Shortage of homes on the market slows local housing sales
Massachusetts home sales fell in March because of a shortage of homes on the market, the Warren Group said in its monthly report on the residential real estate market Tuesday.
Single-family home sales dropped 3.6 percent to 3,100 in March when compared with the number sold in March 2012, said the Warren Group, a Boston firm that tracks local real estate data. That tight inventory helped the median price to rise more than 8 percent to $285,000 on a year-to-year comparison basis.
“Low inventory is plaguing housing markets all over the country, and Massachusetts is no exception,” David Harris, editorial director at the Warren Group, said in a statement. “With mortgage rates low and prices competitive, we’re hopeful more sellers will emerge and the trend in dropping home sales will reverse.”
“It’s clear that the low supply of homes for sale is continuing to pressure prices,” Harris added.
A recent Globe story noted that a common pattern has been emerging this spring: There are too many potential buyers and too few sellers, resulting in bidding battles in many Boston-area neighborhoods.
In any case, the Warren Group noted that in March 2013, Massachusetts condo sales decreased by more than 2 percent to 1,211 on a year-to-year comparison basis.

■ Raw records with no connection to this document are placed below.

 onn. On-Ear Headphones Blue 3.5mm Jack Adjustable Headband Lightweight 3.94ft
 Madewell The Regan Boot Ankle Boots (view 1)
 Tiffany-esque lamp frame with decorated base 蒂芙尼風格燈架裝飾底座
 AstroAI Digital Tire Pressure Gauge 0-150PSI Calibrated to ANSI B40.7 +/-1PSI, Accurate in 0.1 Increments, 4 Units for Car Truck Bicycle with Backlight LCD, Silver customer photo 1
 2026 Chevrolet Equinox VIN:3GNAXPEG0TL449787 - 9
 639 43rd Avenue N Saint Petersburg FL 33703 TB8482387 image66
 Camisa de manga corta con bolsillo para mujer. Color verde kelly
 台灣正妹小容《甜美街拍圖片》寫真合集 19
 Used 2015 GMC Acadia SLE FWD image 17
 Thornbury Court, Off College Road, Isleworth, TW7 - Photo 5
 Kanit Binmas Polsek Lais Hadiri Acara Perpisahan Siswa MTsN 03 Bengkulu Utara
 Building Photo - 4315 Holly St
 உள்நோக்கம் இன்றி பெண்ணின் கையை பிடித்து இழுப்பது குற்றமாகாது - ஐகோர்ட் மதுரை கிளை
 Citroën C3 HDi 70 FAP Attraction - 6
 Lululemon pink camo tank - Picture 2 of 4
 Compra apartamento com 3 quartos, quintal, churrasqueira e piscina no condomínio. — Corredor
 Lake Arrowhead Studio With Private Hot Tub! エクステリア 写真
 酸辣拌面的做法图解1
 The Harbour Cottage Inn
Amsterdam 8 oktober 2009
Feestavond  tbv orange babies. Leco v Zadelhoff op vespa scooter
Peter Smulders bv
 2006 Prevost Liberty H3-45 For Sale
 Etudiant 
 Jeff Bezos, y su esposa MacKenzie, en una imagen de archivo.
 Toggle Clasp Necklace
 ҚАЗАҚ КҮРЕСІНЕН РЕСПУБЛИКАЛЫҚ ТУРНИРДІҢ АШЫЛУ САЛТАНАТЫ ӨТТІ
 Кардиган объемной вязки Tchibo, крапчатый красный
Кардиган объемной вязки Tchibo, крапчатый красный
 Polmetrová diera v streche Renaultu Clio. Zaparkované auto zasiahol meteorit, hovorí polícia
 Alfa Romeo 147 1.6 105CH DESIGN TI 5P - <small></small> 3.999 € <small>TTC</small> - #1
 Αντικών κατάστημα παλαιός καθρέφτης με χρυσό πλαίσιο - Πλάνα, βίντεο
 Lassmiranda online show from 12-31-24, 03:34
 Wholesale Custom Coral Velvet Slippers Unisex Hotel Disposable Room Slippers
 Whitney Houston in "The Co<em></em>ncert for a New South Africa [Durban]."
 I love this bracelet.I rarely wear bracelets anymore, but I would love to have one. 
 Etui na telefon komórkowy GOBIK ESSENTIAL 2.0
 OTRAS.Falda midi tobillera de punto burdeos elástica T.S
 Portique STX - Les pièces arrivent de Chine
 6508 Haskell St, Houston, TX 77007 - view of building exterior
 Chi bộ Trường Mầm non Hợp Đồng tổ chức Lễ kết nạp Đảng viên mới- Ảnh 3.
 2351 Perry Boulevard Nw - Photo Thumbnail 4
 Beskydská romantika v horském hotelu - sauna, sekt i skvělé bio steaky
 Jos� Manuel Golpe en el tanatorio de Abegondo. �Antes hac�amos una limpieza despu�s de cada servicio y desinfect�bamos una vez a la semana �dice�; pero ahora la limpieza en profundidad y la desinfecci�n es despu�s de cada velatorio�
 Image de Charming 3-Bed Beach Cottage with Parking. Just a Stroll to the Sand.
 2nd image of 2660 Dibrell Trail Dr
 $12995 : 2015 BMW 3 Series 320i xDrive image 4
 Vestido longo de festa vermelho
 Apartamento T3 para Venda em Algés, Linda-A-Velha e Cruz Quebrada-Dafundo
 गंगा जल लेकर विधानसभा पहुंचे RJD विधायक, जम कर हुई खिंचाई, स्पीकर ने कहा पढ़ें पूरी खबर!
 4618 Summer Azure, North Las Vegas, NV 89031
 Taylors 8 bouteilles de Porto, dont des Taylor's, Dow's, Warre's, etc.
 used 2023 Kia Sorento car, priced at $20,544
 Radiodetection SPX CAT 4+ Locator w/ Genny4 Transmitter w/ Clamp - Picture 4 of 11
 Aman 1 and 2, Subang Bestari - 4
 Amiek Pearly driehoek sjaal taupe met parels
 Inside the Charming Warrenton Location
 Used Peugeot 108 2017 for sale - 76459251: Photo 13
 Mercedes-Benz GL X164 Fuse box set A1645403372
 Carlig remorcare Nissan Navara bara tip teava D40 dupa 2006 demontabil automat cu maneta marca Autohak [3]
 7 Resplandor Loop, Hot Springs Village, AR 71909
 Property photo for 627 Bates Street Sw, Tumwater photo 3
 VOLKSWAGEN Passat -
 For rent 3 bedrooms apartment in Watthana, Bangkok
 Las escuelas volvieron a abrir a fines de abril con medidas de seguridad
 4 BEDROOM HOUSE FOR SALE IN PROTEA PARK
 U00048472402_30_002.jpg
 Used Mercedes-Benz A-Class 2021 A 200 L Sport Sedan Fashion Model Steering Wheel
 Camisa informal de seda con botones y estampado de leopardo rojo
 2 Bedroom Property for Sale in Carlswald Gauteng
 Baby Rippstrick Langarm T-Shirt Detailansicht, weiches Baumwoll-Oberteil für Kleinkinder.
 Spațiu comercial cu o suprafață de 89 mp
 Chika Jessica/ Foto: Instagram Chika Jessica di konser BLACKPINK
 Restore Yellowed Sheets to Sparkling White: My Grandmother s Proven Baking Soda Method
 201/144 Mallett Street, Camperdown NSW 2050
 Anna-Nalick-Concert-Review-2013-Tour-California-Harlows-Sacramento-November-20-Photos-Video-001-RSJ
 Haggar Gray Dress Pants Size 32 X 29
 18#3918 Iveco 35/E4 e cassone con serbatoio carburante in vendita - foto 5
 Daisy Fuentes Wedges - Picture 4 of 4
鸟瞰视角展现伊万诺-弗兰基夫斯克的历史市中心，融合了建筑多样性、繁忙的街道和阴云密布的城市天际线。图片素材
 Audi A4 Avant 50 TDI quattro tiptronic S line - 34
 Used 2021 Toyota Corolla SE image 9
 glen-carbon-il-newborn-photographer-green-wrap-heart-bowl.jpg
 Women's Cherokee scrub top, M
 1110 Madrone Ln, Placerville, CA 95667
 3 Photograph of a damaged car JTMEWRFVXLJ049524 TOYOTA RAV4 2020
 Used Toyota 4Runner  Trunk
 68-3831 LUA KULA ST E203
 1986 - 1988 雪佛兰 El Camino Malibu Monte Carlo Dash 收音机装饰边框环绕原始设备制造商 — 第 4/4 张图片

The median price for condos sold in March was $261,000, up more than 1.5 percent, the Warren Group said.
Separately, the Massachusetts Association of Realtors issued its monthly report on the local housing market Tuesday.
The association uses a different method to track real estate activity than the Warren Group does, but the conclusions of both reports were similar.
“A good supply of homes for sale is the only thing we’re missing from a sustainable housing recovery,” association president Kimberly Allard-Moccia said in a statement.
According to the association, 3,011 detached single-family homes were sold in Massachusetts last month, a 3.3 percent drop from the number sold in March 2012.
Meanwhile, the median selling price for such a home was $290,000, up 7.8 percent on a year-to-year comparison basis.
Sales and median prices of Massachusetts condominiums were also up in March, the association said.
The association also tracks the number of homes and condos for sale.
In March 2012, there were 28,159 homes for sale. This March there were only 19,761 homes for sale, a drop of 29.8 percent.